→ EXTRACTED ENTRIES
────────────────────

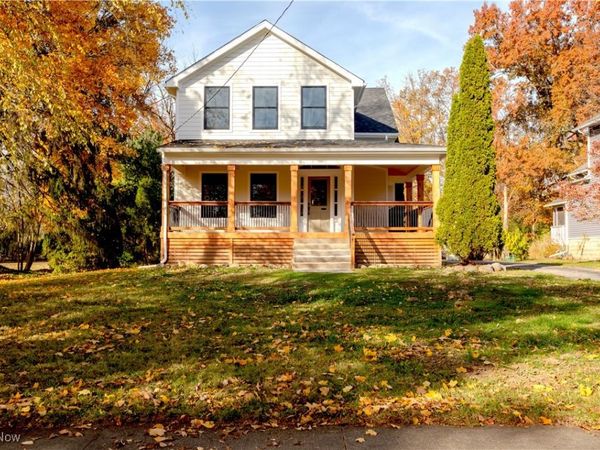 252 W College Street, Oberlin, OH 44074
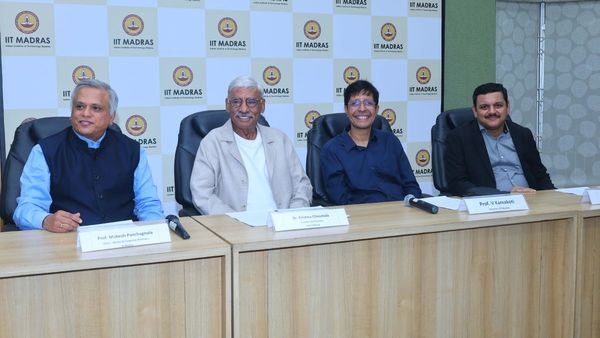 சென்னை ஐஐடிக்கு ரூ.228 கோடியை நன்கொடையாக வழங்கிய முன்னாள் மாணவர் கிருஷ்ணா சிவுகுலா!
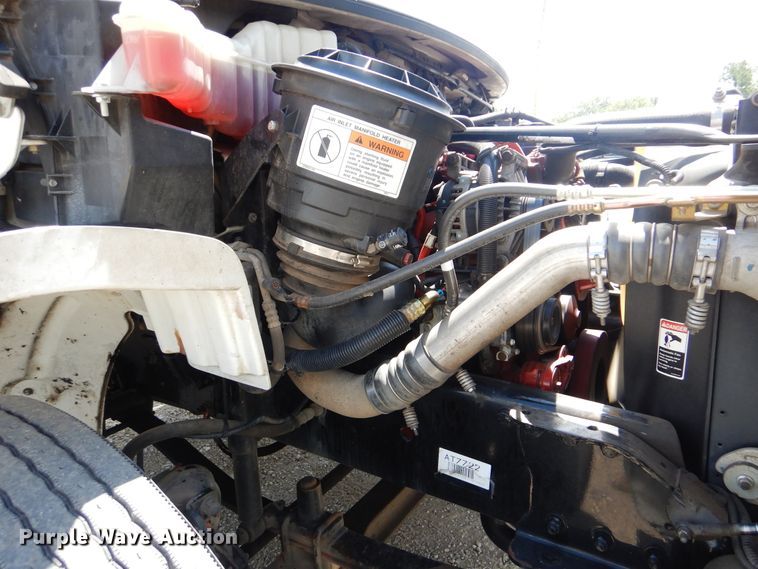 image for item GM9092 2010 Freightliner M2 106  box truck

────────────────────

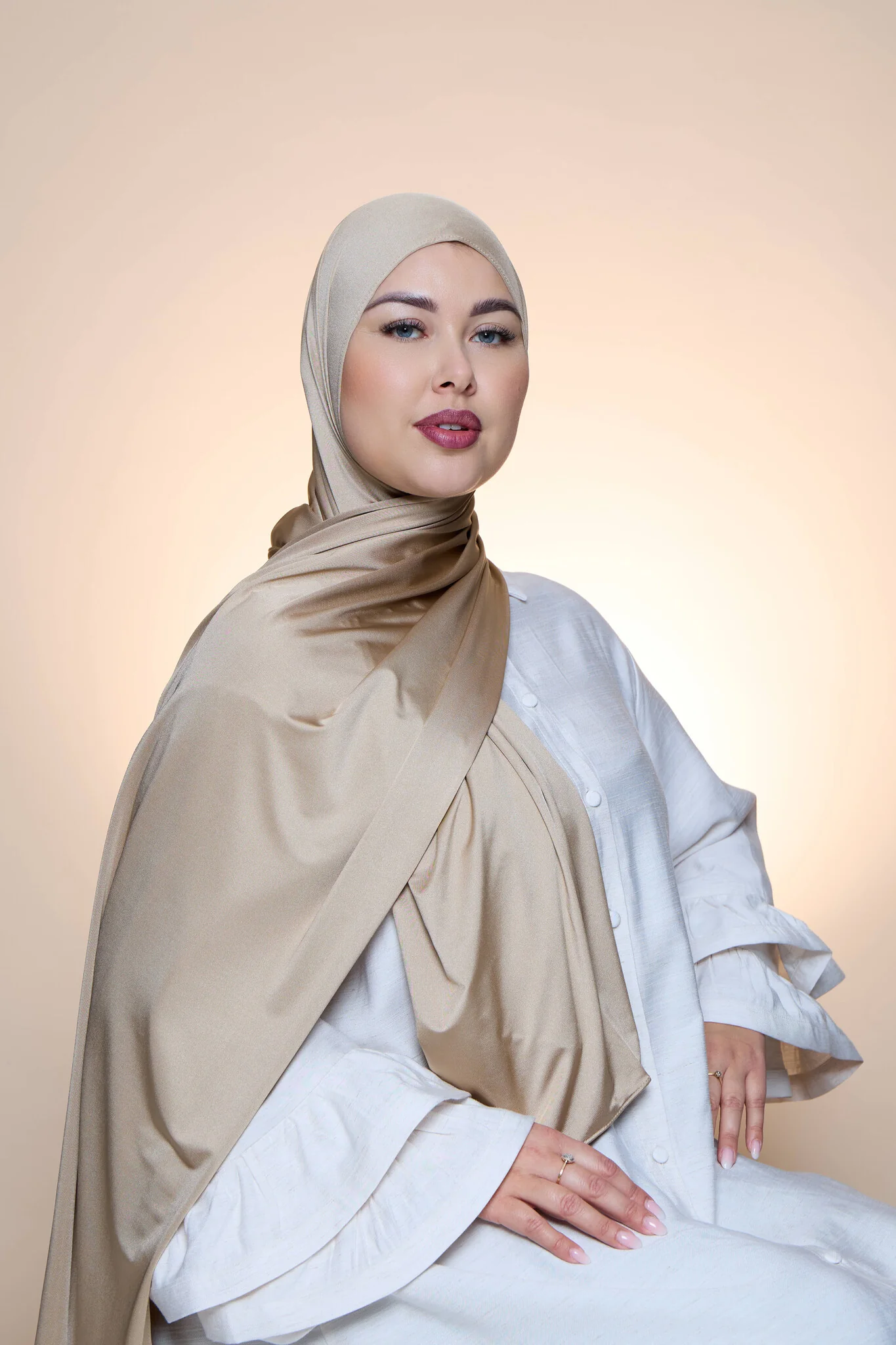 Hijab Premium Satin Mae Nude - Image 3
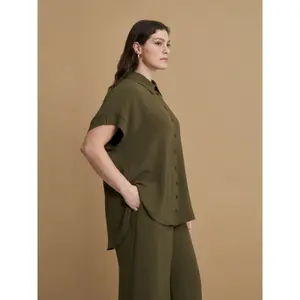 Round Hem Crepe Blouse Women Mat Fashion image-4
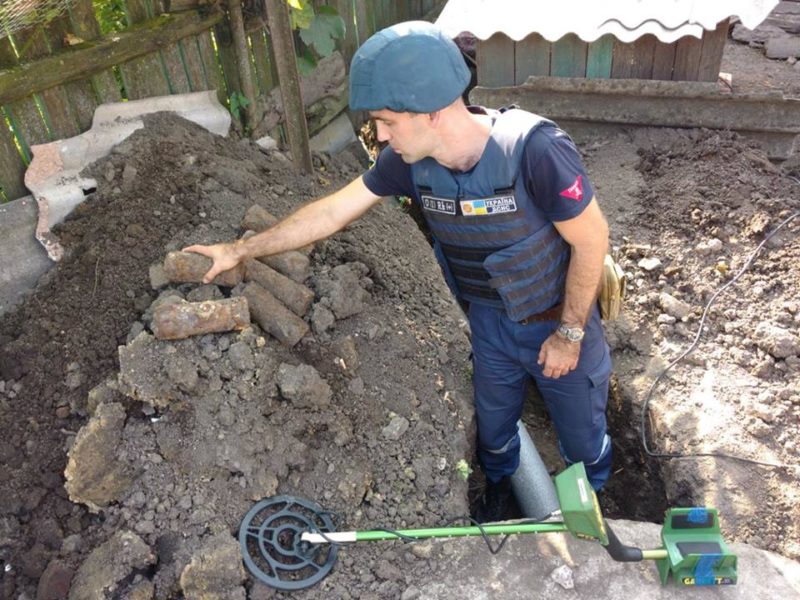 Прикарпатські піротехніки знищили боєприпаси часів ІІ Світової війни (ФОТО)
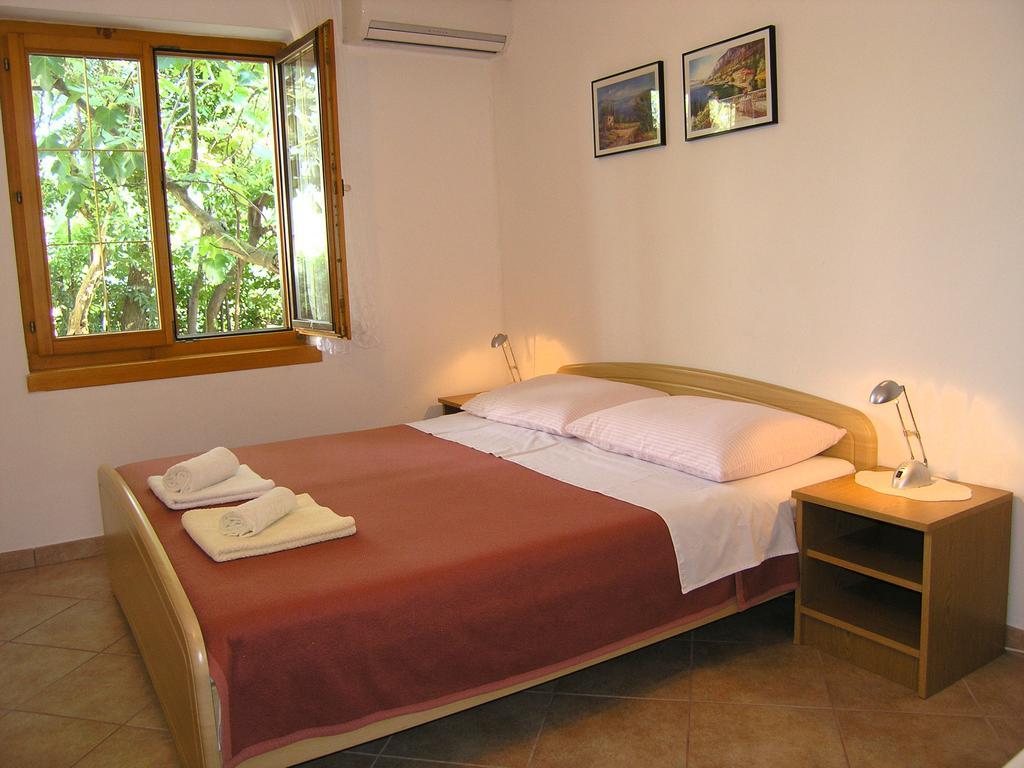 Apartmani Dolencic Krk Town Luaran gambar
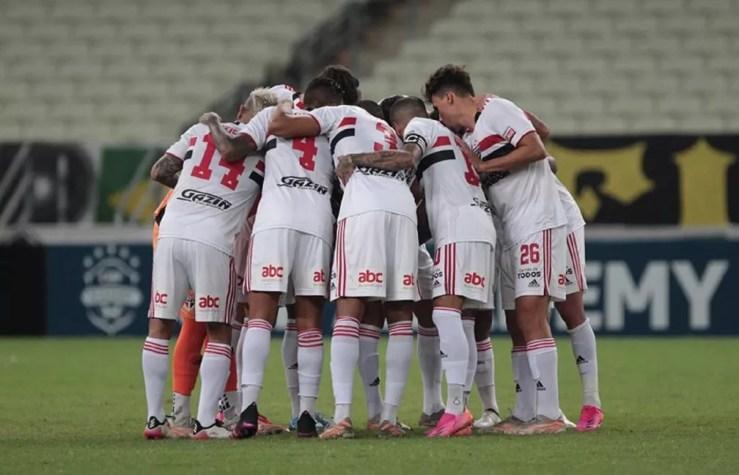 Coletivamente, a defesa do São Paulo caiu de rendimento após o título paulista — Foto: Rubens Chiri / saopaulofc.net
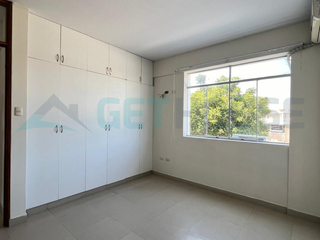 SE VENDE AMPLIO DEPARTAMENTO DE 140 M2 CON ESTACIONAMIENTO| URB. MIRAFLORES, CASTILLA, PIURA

────────────────────

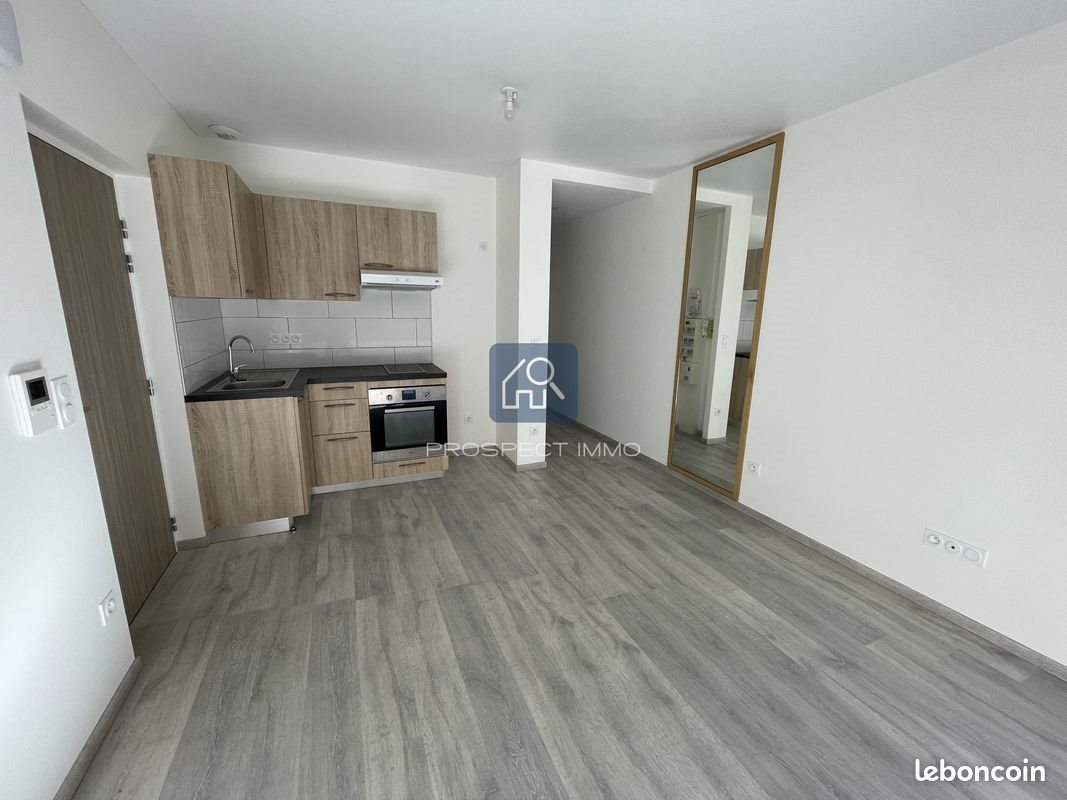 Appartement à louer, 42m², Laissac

────────────────────

→ PROBLEM REQUIREMENTS
Copy out the lines above from the line containing "Прикарпатські піротехніки знищили" through the line containing "Coletivamente, a defesa", exactly, and keep the pictures out.

→ ANSWER BOX
 Прикарпатські піротехніки знищили боєприпаси часів ІІ Світової війни (ФОТО)
 Apartmani Dolencic Krk Town Luaran gambar
 Coletivamente, a defesa do São Paulo caiu de rendimento após o título paulista — Foto: Rubens Chiri / saopaulofc.net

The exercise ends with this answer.